• TASK GOAL:
From the first line to the last, repeat the records exactly and skip the pictures.

Records from a data source:
::::
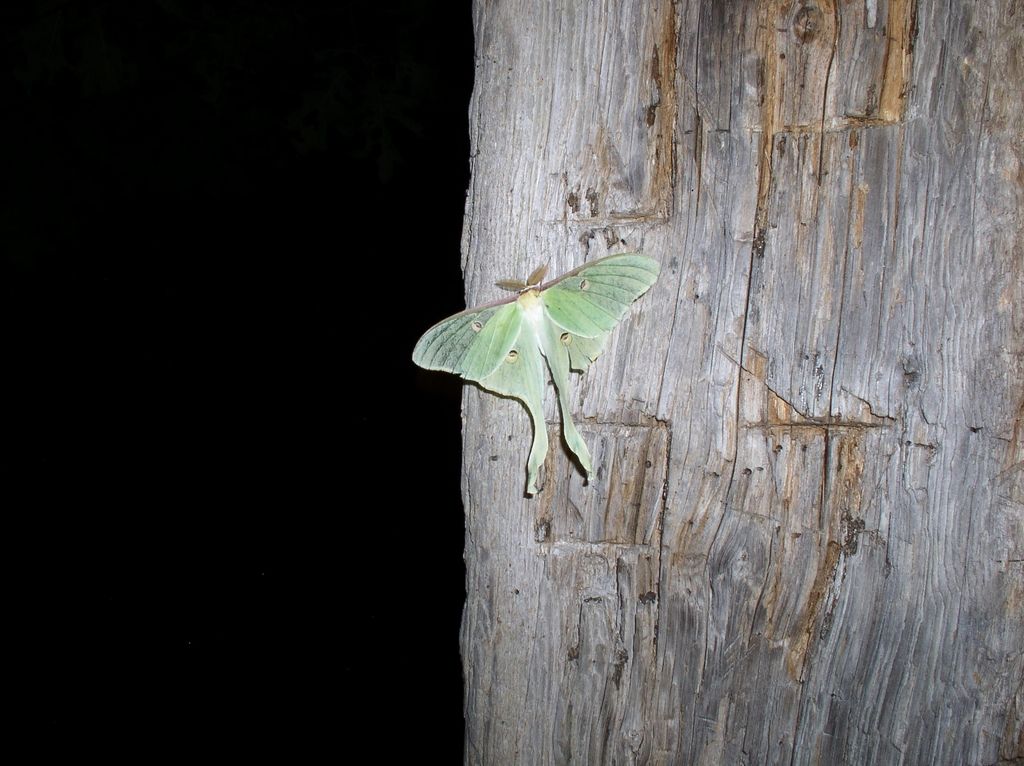 01_slake_moth_greeting
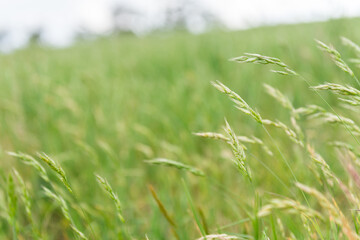 pasture grass going to seed in spring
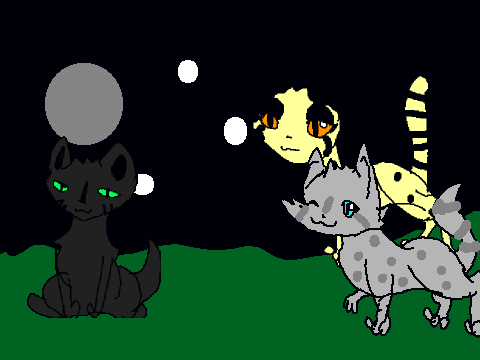 Jaypaw part 4 SwiftClan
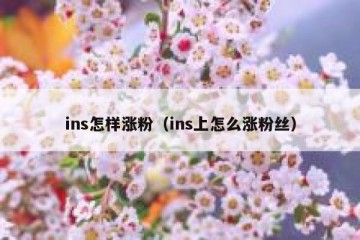 ins怎样涨粉（ins上怎么涨粉丝）
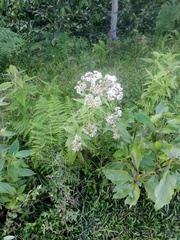 Eupatorieae
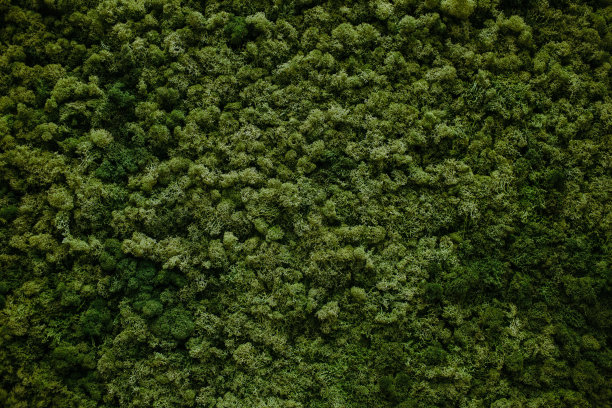 绿色苔藓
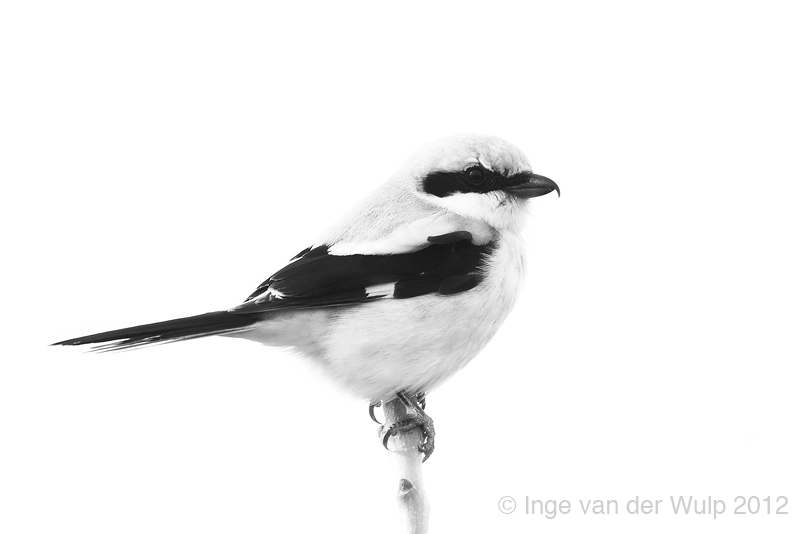 Great Grey Shrike - Klapekster - Lanius excubitor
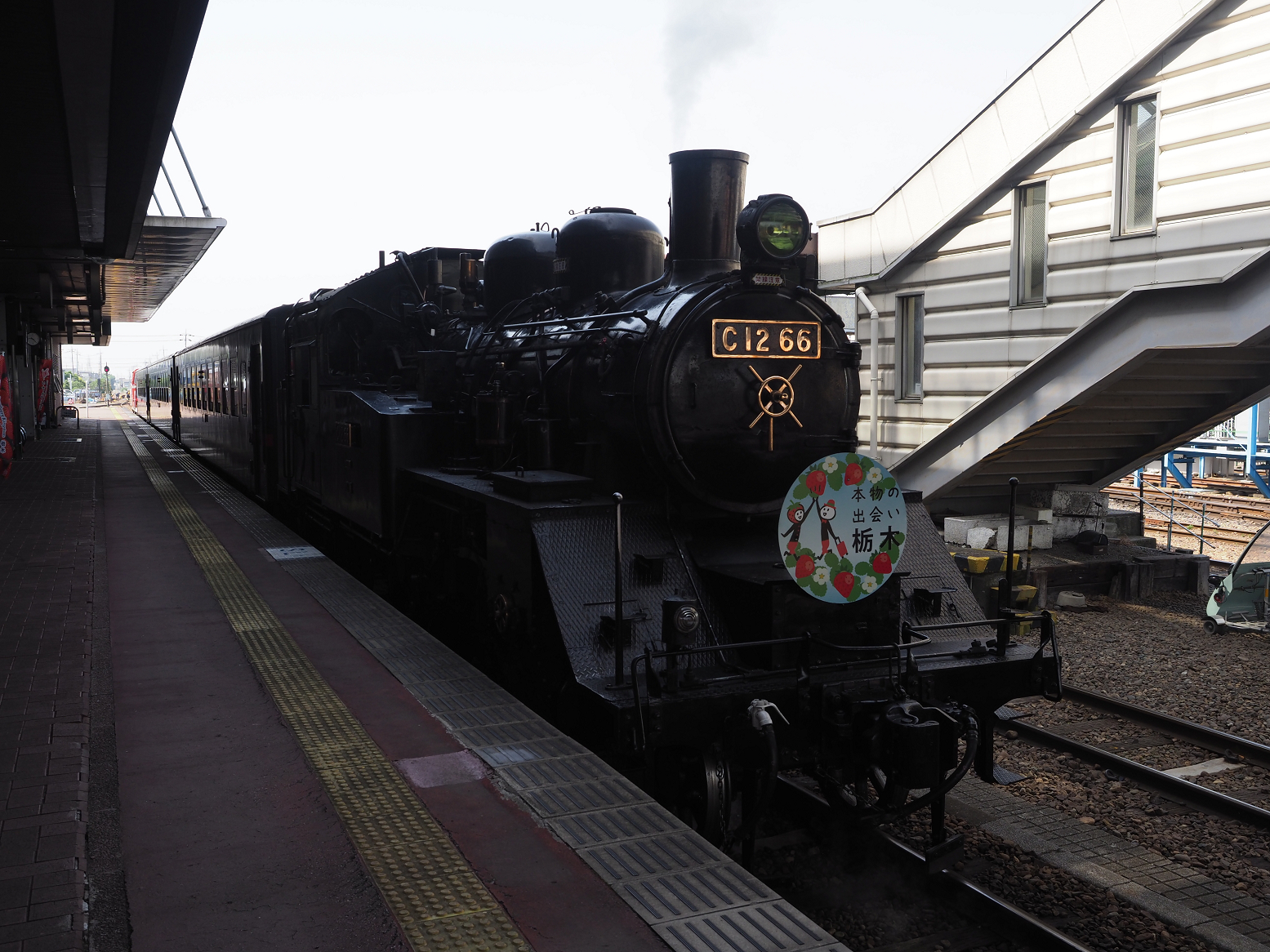 P5160092.jpg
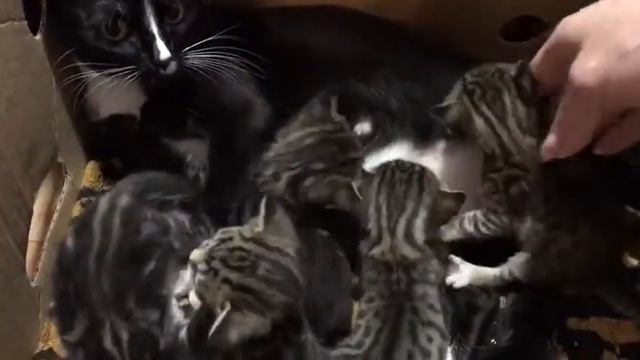 Моего кота не пускают к котятам но всё же он рад что у него есть детки смотреть онлайн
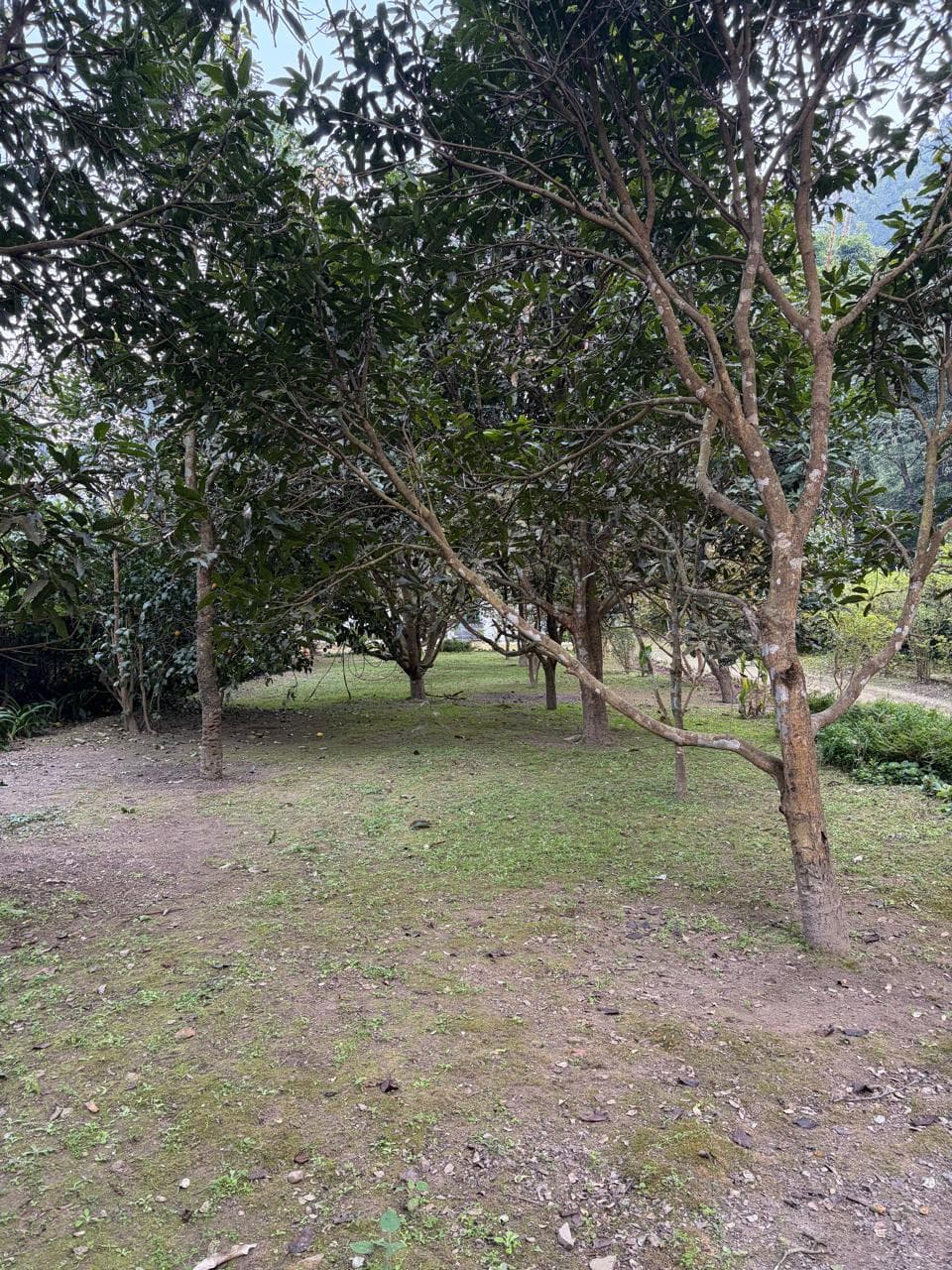 Nature Walks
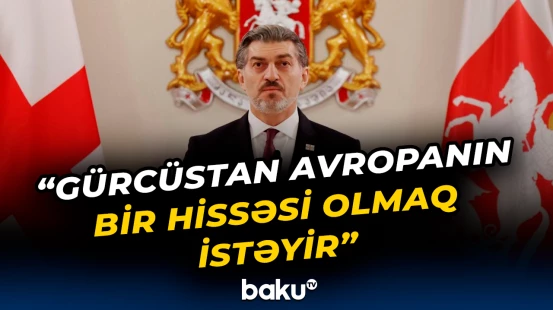 Kavelaşvilidən ölkəsinin gələcəyi ilə bağlı açıqlamalar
::::
• ANSWER TO THIS EXERCISE:
 01_slake_moth_greeting
 pasture grass going to seed in spring
 Jaypaw part 4 SwiftClan
 ins怎样涨粉（ins上怎么涨粉丝）
 Eupatorieae
 绿色苔藓
 Great Grey Shrike - Klapekster - Lanius excubitor
 P5160092.jpg
 Моего кота не пускают к котятам но всё же он рад что у него есть детки смотреть онлайн
 Nature Walks
 Kavelaşvilidən ölkəsinin gələcəyi ilə bağlı açıqlamalar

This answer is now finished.